No overwriting allowed according to ParAMS behavior. title will be incremented until a non-existent directory is found.

'max_jobs'

Will be calculated from parallel.

'backend'

Only 'threads' are allowed within ParAMS.

'is_log_detailed'

This must be True for the sake of ParAMS internals.

__init__(job_collection: scm.params.core.jobcollection.JobCollection, data_sets: Union[scm.params.core.dataset.DataSet, Sequence[scm.params.core.dataset.DataSet]], parameter_interface: scm.params.parameterinterfaces.base.BaseParameters, optimizer: Optional[Union[scm.glompo.optimizers.baseoptimizer.BaseOptimizer, scm.glompo.opt_selectors.baseselector.BaseSelector]] = None, workdir: str = 'optimization', plams_workdir_path: Optional[str] = None, validation: Optional[float] = None, constraints: Optional[Sequence[scm.params.parameterinterfaces.base.Constraint]] = None, parallel: Optional[scm.params.common.parallellevels.ParallelLevels] = None, verbose: bool = True, skip_x0: bool = False, logger_every: Optional[Union[dict, int]] = None, loss: Union[scm.params.core.lossfunctions.Loss, Sequence[scm.params.core.lossfunctions.Loss]] = 'sse', batch_size: Optional[Union[int, Sequence[int]]] = None, use_pipe: Union[bool, Sequence[bool]] = True, data_set_names: Optional[Sequence[str]] = None, eval_every: Union[int, Sequence[int]] = 1, maxjobs: Union[None, Sequence[int]] = None, maxjobs_shuffle: Union[bool, Sequence[bool]] = False, resume_checkpoint: Optional[Union[str, pathlib.Path]] = None, **glompo_kwargs)

Initialize self. See help(type(self)) for accurate signature.

classmethod read(input_text: Union[str, scm_libbase_internal.InputFile, pathlib.Path], **kwargs)scm.params.core.parameteroptimization.Optimization

Create and optimization instance by reading an AMS style input file.

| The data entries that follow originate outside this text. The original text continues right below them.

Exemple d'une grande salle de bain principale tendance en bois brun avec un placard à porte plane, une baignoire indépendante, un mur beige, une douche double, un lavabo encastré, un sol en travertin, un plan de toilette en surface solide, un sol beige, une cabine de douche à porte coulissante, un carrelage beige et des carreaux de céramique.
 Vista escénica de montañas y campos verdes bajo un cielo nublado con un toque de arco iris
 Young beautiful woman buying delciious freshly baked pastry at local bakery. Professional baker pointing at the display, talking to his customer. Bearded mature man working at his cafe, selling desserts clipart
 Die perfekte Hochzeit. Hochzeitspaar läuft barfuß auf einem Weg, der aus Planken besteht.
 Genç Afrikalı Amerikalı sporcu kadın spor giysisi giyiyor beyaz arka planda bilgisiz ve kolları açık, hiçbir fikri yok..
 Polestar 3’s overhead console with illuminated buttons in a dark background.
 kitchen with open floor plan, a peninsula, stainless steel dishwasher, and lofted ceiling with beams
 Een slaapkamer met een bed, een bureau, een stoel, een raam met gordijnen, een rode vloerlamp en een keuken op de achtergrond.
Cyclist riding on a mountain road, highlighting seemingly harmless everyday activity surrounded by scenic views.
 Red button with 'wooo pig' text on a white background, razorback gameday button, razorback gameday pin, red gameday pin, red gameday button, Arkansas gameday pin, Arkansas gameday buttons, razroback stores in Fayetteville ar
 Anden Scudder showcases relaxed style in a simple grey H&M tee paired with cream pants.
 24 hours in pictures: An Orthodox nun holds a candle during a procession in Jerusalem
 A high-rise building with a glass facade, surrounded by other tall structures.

optimize()scm.glompo.optimizers.baseoptimizer.MinimizeResult

Start the optimization given the initial parameters.

initial_eval()float

Evaluate x0 before the optimization.

Returns

float

Error value using parameters as loaded from the parameter interface.

Raises

ValueError

If fx is a non-finite value.

summary(file=None)

Prints a summary of the current instance

__str__()

Return str(self).

delete()

Remove the working directory from disk.

_relog_bests(task: scm.params.core.opt_components._Step)

Evaluate the saved best points for the points being restarted and the overall best and use them to prime new Loggers. This ensures the correct ‘best’ value is returned even if that evaluation does not appear in the ‘running_*.txt’ files.